▸ **Task**
Write the full listing out again, word for word, but omit the pictures.

▸ **Supplied material**
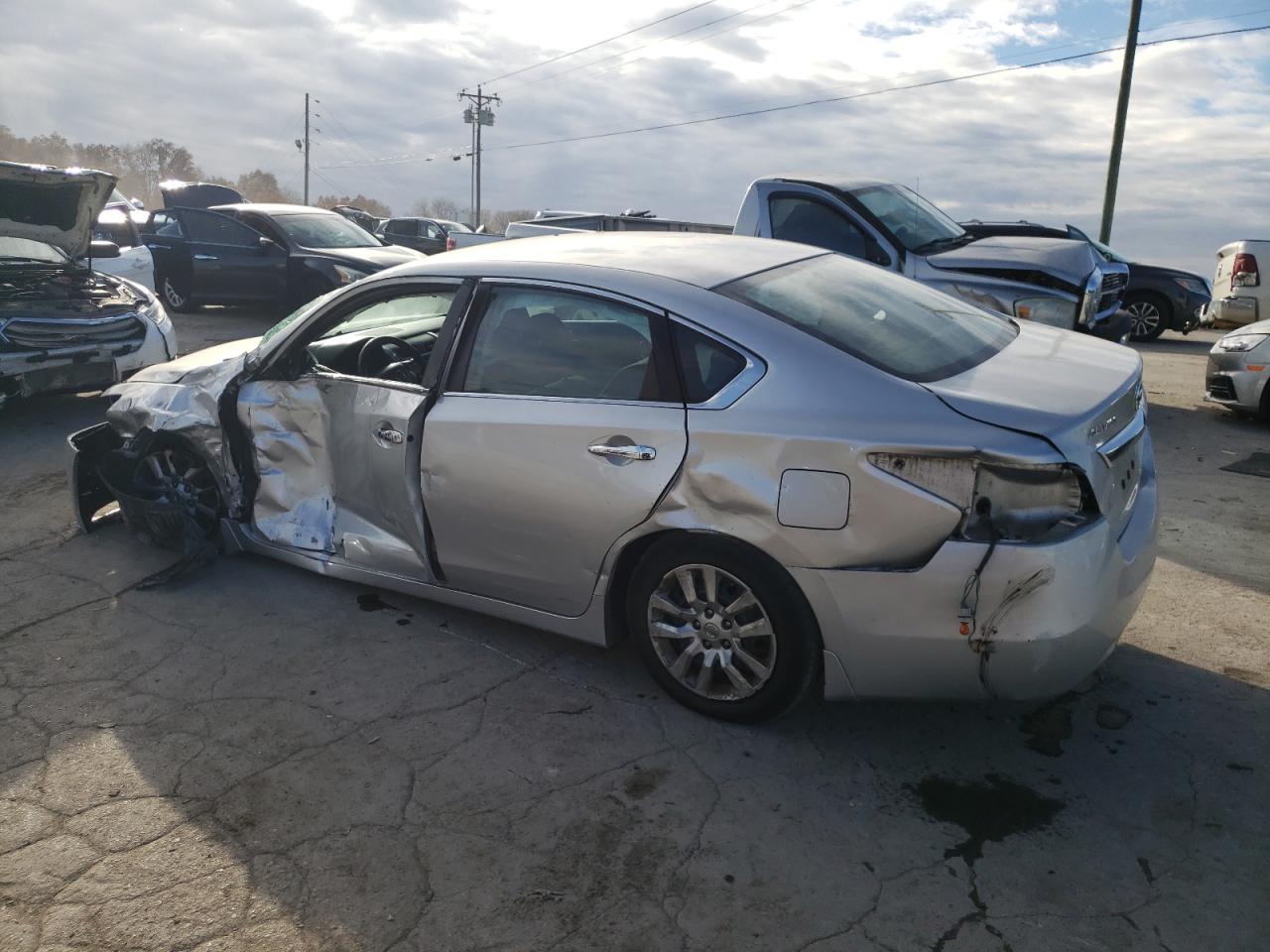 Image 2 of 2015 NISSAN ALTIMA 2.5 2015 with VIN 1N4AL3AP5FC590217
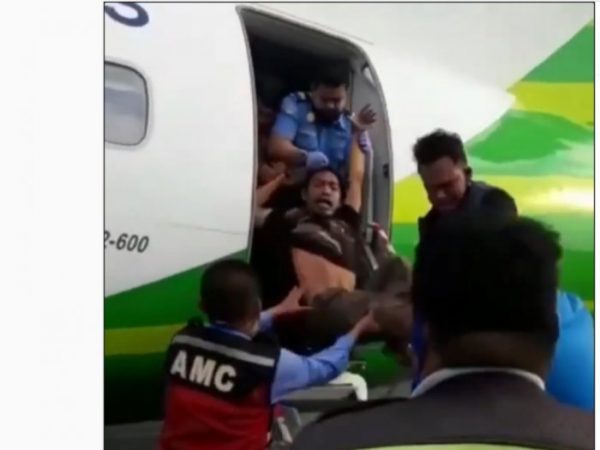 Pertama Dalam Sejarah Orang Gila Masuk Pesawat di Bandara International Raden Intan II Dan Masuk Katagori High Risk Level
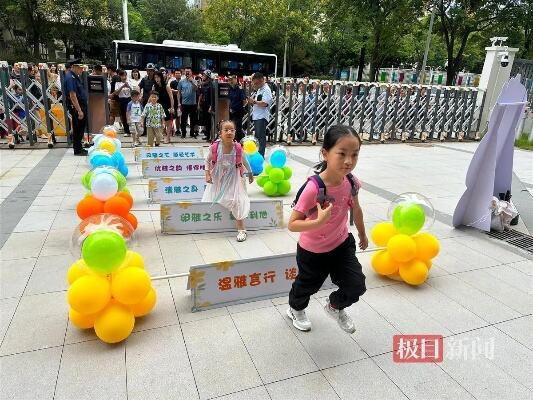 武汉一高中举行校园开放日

▸ **Exercise result**
 Image 2 of 2015 NISSAN ALTIMA 2.5 2015 with VIN 1N4AL3AP5FC590217
 Pertama Dalam Sejarah Orang Gila Masuk Pesawat di Bandara International Raden Intan II Dan Masuk Katagori High Risk Level
 武汉一高中举行校园开放日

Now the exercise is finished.